Your main point, as I understand it, is that alignment may actually be tractable to solve, and a focus on uploading is an excuse to delay alignment progress and then (as you seem to frame my suggestion) have an upload solve it all at once. And this does not allow incremental progress or partial solutions until uploading works.
...then you veer into speculation about the motives / psychology of MIRI and the superalignment team which is interesting but doesn’t seem central or even closely connected to the discussion at hand.
So I will focus on the main point here. I have a lot of disagreements with it.
I think you may misunderstand my plan here—you seem to characterize the idea as making uploads, and then setting them loose to either self-modify etc. or mainly to work on technical alignment. Actually, I don’t view it this way at all.
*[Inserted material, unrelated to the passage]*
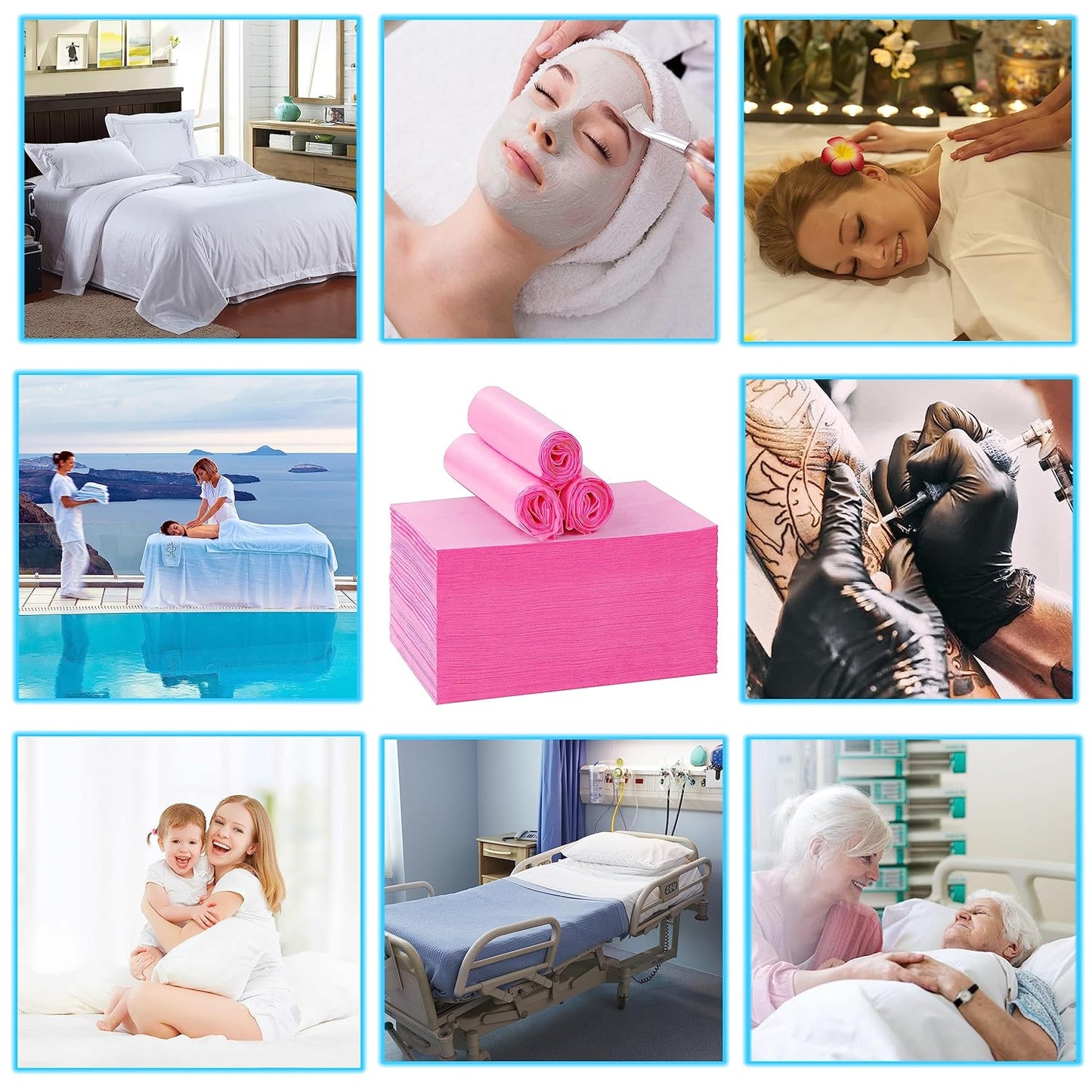 Disposable Bed Sheets for Massage Table 200 Pcs 31" x 71" Waterproof Massage Table Sheets Soft Non Woven Fabric SPA Massage Table Bed Cover Breathable for Beauty Tattoos Waxing Travel (Pink)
Creating the uploads (or emulations, if you can get a provably safe imitation learning scheme to work faster) is a weak technical solution to the alignment problem—now you have something aligned to (some) human(’s) values which you can run 10x faster, so it is in that sense not only an aligned AGI but modestly superintelligent. You can do a lot of things with that—first of all, it automatically hardens the world significantly: it lowers the opportunity cost for not building superintelligence because now we already have a bunch of functionally genius scientists, you can drastically improve cybersecurity, and perhaps the uploads make enough money to buy up a sufficient percentage of GPU’s that whatever is left over is not enough to outcompete them even if someone creates an unaligned AGI. Another thing you can do is try to find a more scalable and general solution to the AI safety problem—including technical methods like agent foundations, interpretability, and control, as well as governance. But I don’t think of this is as the mainline path to victory in the short term.
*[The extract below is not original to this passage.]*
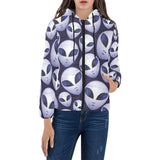 Alien Pattern Print Design 01 Women's Padded Hooded Jacket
Perhaps you are worried that uploads will recklessly self-modify or race to build AGI. I don’t think this is inevitable or even the default. There is currently no trillion dollar race to build uploads! There may be only a small number of players, and they can take precautions, and enforce regulations on what uploads are allowed to do (effectively, since uploads are not strong superintelligences) and technically it even seems hard for uploads to recursively self-improve by default (human brains are messy, they don’t even need to be given read/write access). Even some uploads escaped, to recursively self-improve safely they would need to solve their own alignment problem and it is not in their interests to recklessly forge ahead, particularly if they can be punished with shutdown and are otherwise potentially immortal. I suspect that most uploads who try to foom will go insane, and it is not clear that the power balance favors any rogue uploads who fare better.
I also don’t agree that there is no incremental progress on the way to full uploads—I think you can build useful rationality enhancing artifacts well before that points—but that is maybe worth a post.
Finally, I do not agree with this characterization of trying to build uploads rather than just solving alignment. I have been thinking about and trying to solve alignment for years, I see serious flaws in every approach, and I have recently started to wonder if alignment is just uploading with more steps anyway. So, this is more like my most promising suggestion for alignment, rather than giving up on solving alignment.